Unifying Is and Ought (05/06/03)

Though it uses obfuscating philosophical language about consequentalism and teleologicalismisticness and crap like that, Game Theory and the Social Contract has, for me, resolved much of the paradox between whether we should focus on what is or what could be. I've always had some conflict between them, between idealism and realism.

It seems like we have to focus on what is, because if what we want is to make our lives or our friends lives or the world better, or at least more like we want them to be, we have to work within reality. Musing about impossible possibilities is mere intellectual masturbation. Yet it seems like we also should focus on what could be, because otherwise we cannot figure out what direction to try to push the world. We are stuck with what we have if we cannot imagine other options. As Flow (which I just finished) says, Action without Reflection is blind, Reflection without Action is impotent.

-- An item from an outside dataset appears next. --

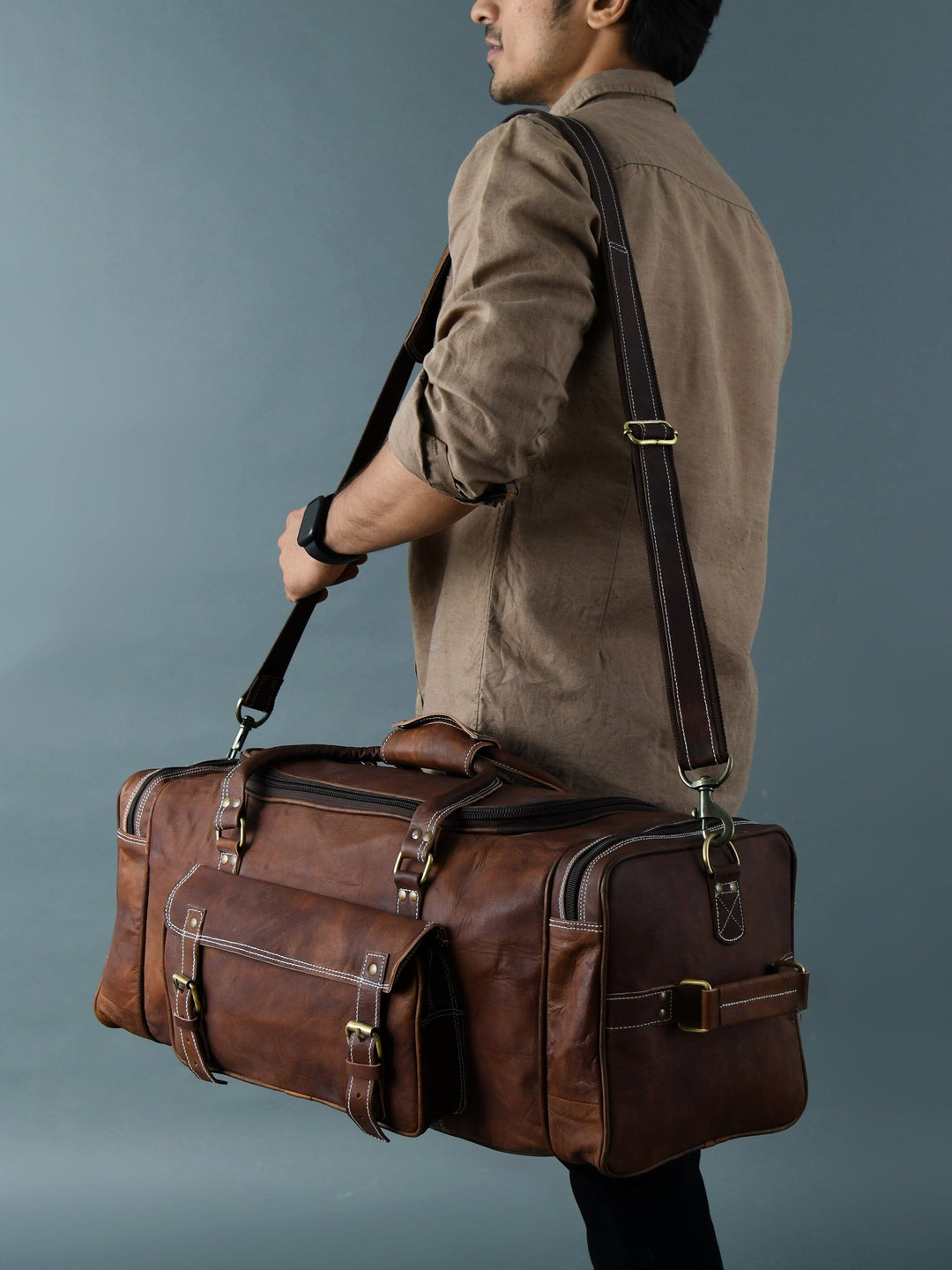 Brown leather duffel bag carried by child with adjustable crossbody strap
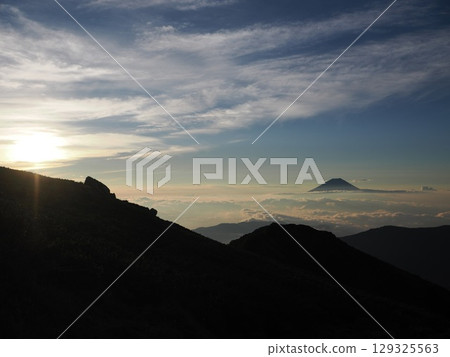 Mount Fuji at sunrise as seen from the summit of Senmai-dake 129325563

The resolution, like much of truth, is simple and commonsensical once we hear it. Reality must be our guide as to what can be, to the feasible worlds. If something is not feasible, if its is not an equilibria reachable by a sequence of equilibria, it is pointless to consider it. But there are many feasible worlds, and so we need "oughts", evaluations by whatever criteria we choose (moral, aesthetic, religious), as our tools for choosing among them. We Reflect, but only upon Actions that we can and may take. We Act, but in ways that our Reflections tell us are effective ways of getting to better worlds.

Thus we neither ignore the possible improvements, nor waste time thinking about impossible ones. The answer matches my intuition, but that's a black box and I'd rather have a clearly expressed principle.